* Directions for this task *
Reproduce exactly, and only, the lines of the material below running from the line bearing "2027 Calendar Paw" through the line bearing "Réf. 273 909 : Pachnoda tridentata diabolica". Leave any pictures out.
━━ Data for this exercise
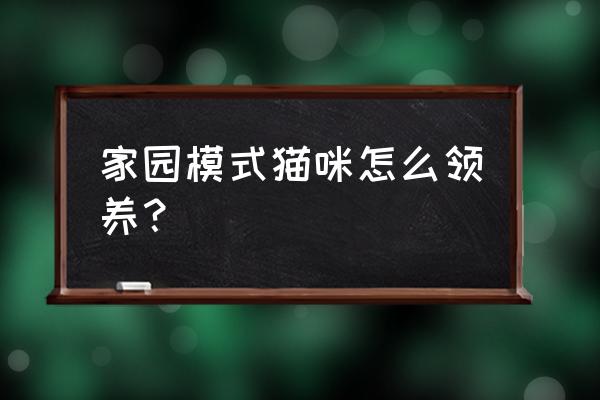 有没有专门领养猫咪的平台 家园模式猫咪怎么领养？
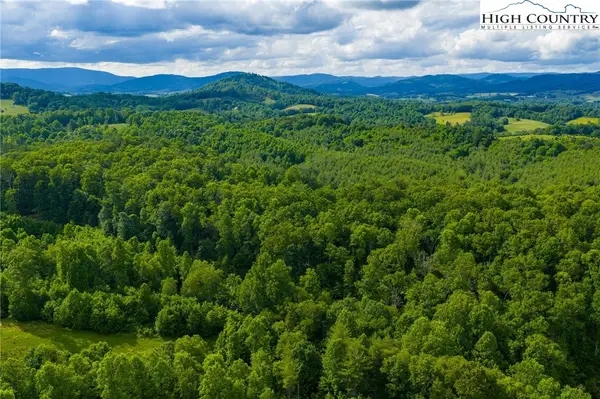 TBD Phipps Dairy Road, Piney Creek, NC 28663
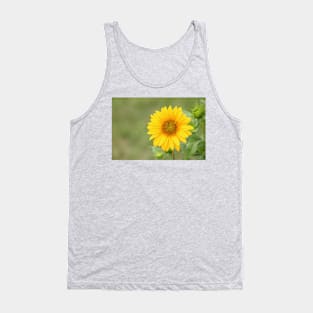 Sunflower, nature photography, single flower Tank Top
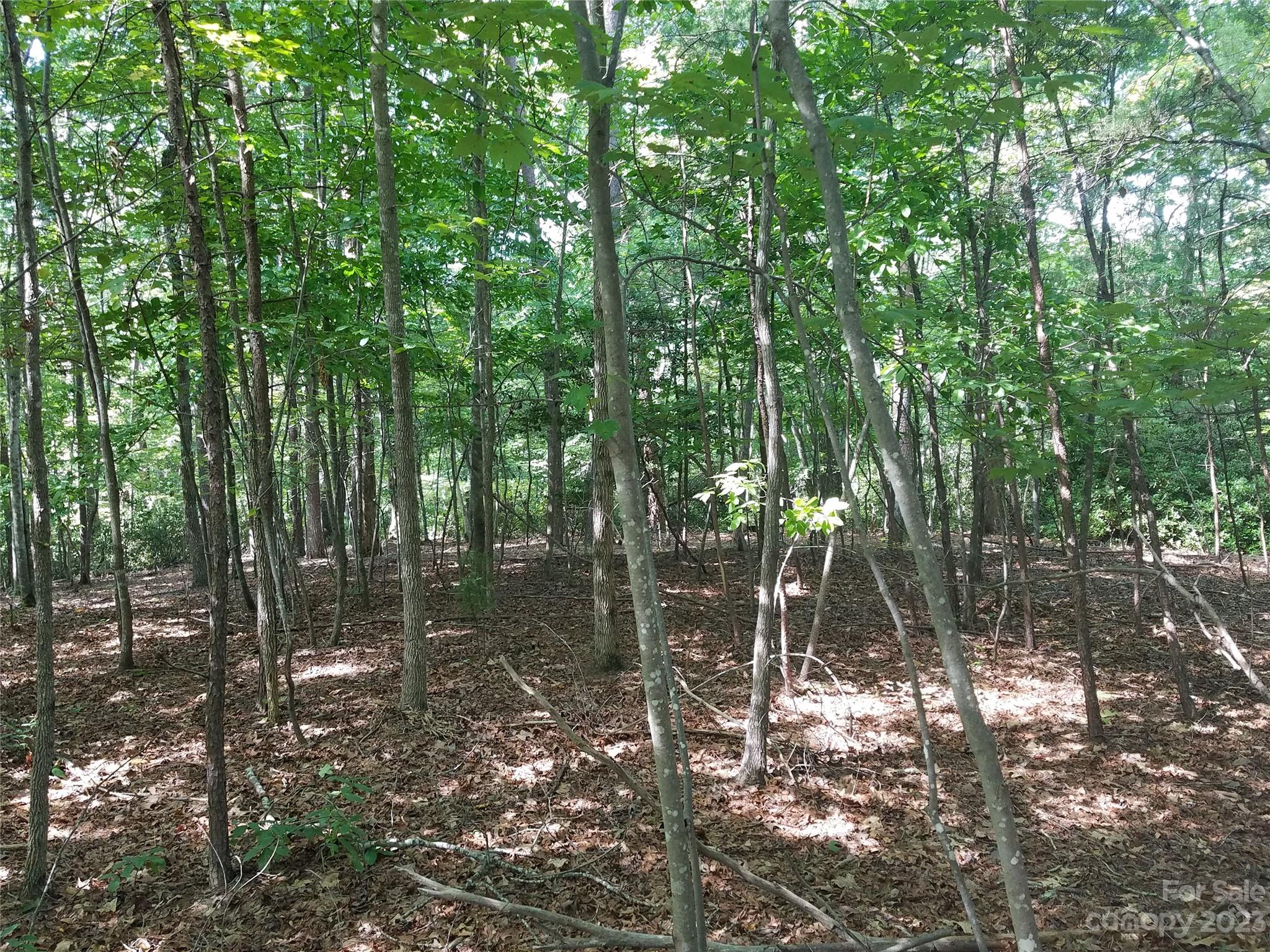 0 New Market Road Tryon, NC 28782 - Photo 7 of 13 a backyard of a house with lots of green space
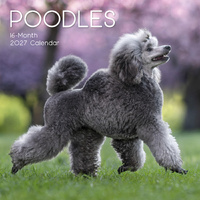 2027 Calendar Paw Prints Poodles Square Wall, Gifted Stationery GSC27061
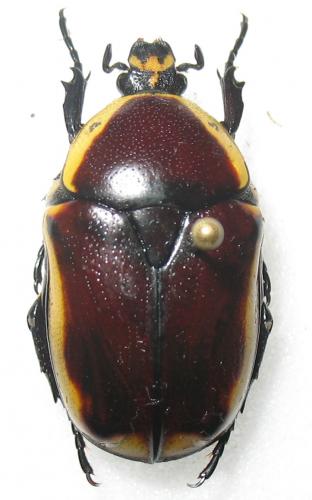 Réf. 273 909 : Pachnoda tridentata diabolica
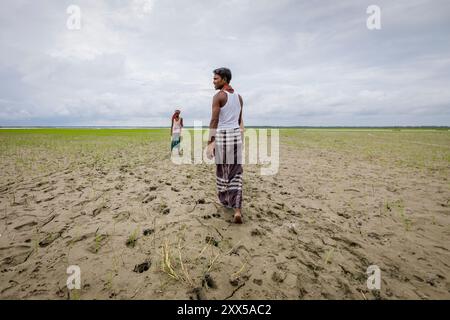 Rashed e gli altri agricoltori stanno in quello che un tempo era un campo pieno di colture. La recente alluvione ha cancellato tutto. Ora hanno piantato del riso in cima al limo nella speranza di ottenere almeno un po' di esso indietro. Semi di Chia e arachidi erano stati piantati qui. E' stato distrutto nell'alluvione. Ora gli abitanti del villaggio hanno sparso semi di risaia. Cresce senza fertilizzanti o irrigazione. Poiché questo terreno è arricchito dall'acqua di inondazione, non ha bisogno di fertilizzanti. In caso di pioggia (come dovrebbero durante questa stagione), non sarà richiesta acqua aggiuntiva. Tuttavia, se inondano, o se il terreno dr Foto Stock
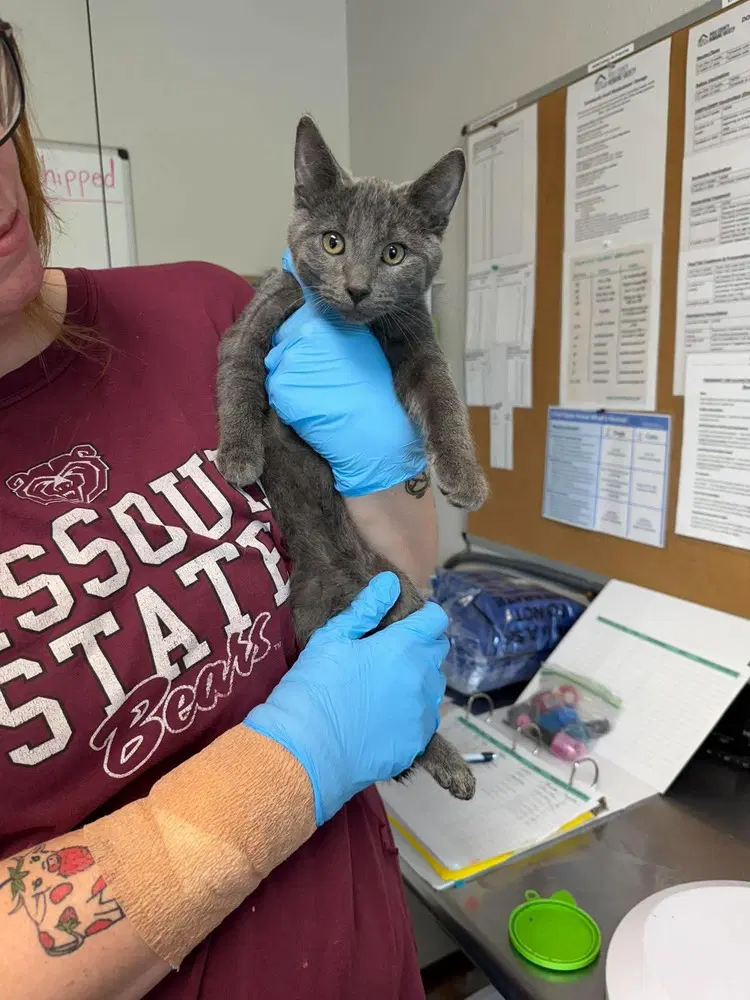 Oyster - Domestic Short Hair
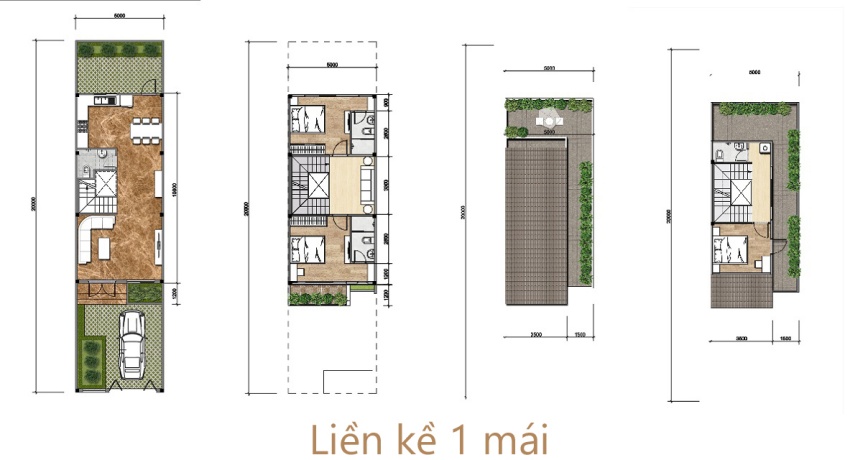 Thiết kế Layout nhà liền kề 1 mái 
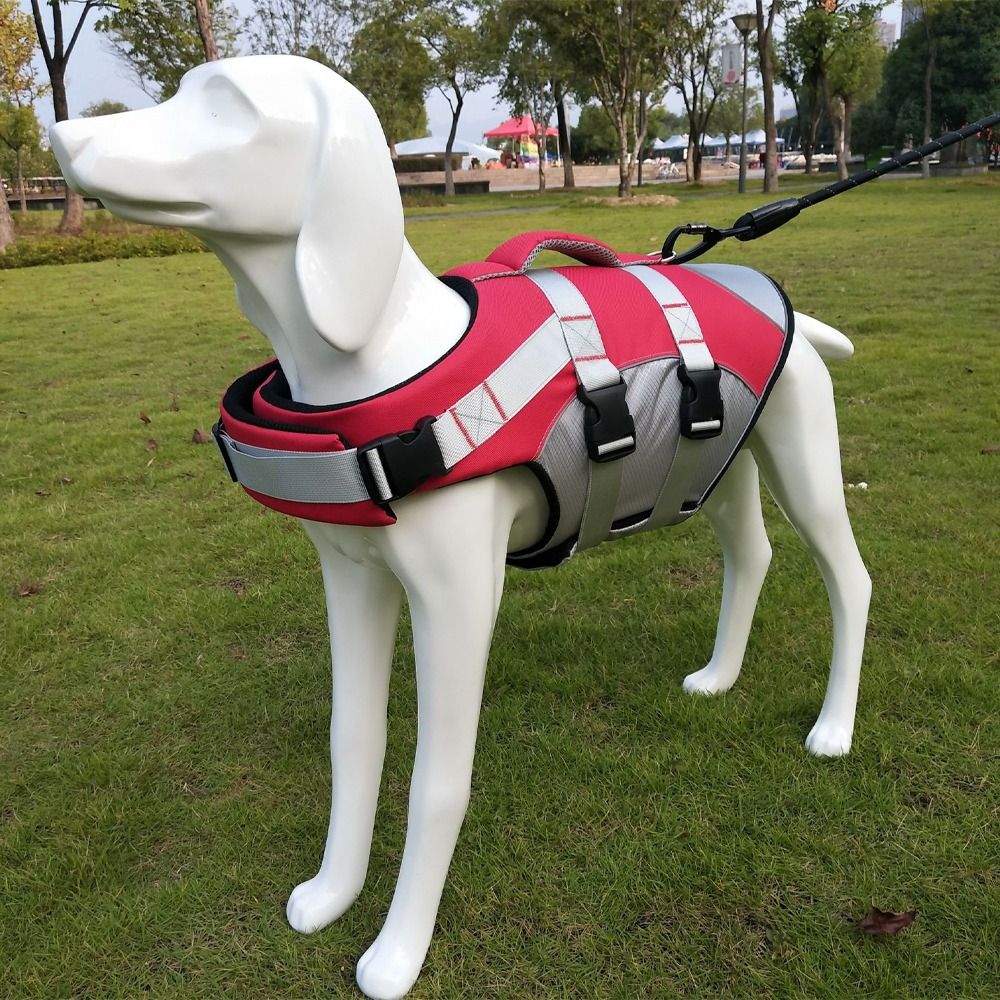 Reflektierende Hunde-Schwimmwe – Life Jacket Buoyancy Bewertung und Preis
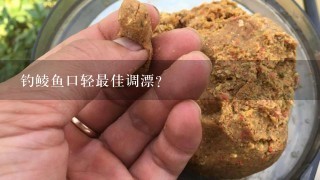 钓鲮鱼口轻最佳调漂？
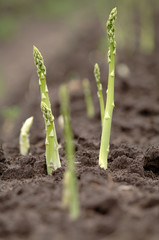 Spargel Ernte steht an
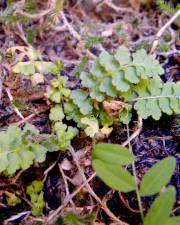 Fotografia da espécie Asplenium petrarchae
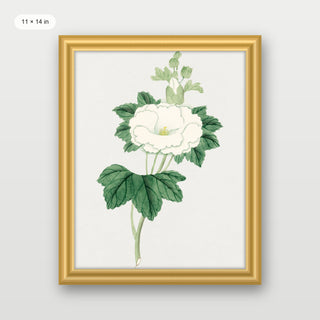 Tachi Aoi Flower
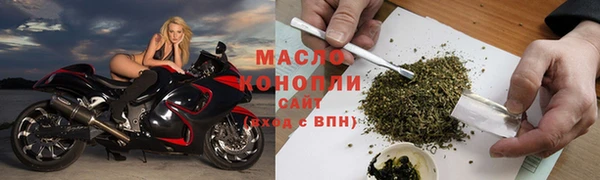 стафф Ельня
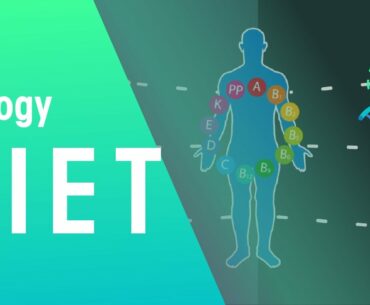 Balanced diet | Health | Biology | FuseSchool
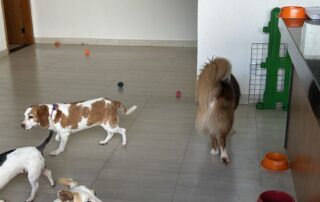 Hotelzinho PET (10)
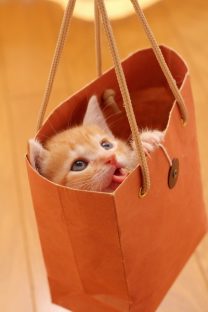 どこに出かけよう♪ 1 どこに出かけよう♪ 1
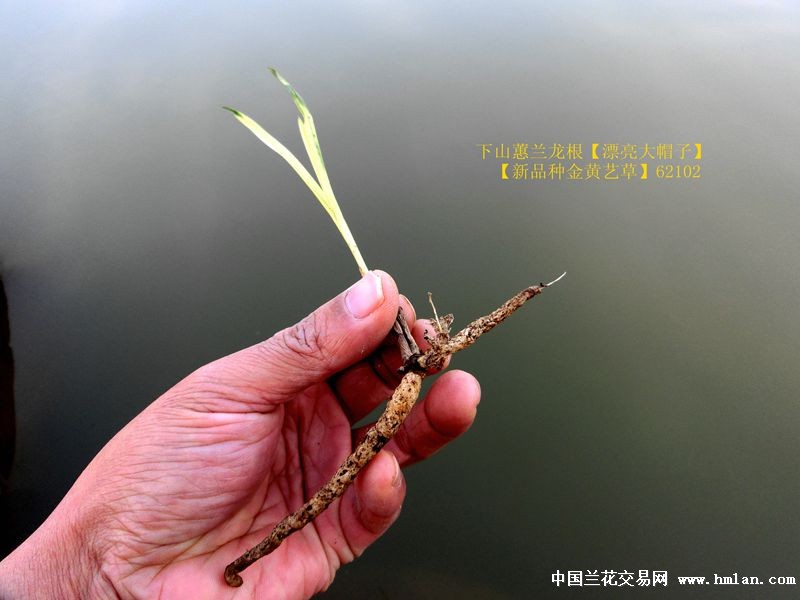 下山蕙兰龙根【漂亮大帽子】【新品种金黄艺草】62102 - 中国兰花交易网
━━━━
* Written answer *
 2027 Calendar Paw Prints Poodles Square Wall, Gifted Stationery GSC27061
 Réf. 273 909 : Pachnoda tridentata diabolica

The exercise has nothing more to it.